EXERCISE BRIEF = Each line starting at the one that contains "53 - 383 Dundas" and ending at the one that contains "138 Chestnut Ridge" must be returned exactly, and the rest of the listing is left out.

INPUT DATA =
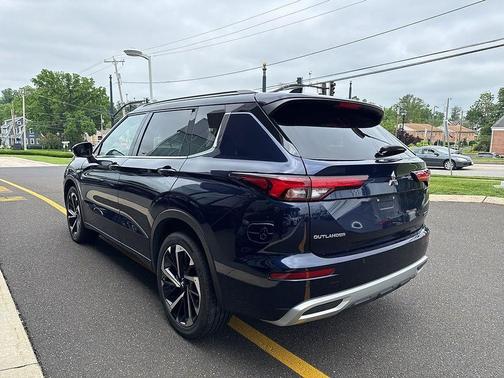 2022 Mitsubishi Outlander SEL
---
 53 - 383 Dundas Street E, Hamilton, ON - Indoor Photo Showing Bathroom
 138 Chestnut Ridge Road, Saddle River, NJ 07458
==
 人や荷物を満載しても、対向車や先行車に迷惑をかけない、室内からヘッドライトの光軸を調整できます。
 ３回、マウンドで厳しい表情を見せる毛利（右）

ANSWER AREA =
 53 - 383 Dundas Street E, Hamilton, ON - Indoor Photo Showing Bathroom
 138 Chestnut Ridge Road, Saddle River, NJ 07458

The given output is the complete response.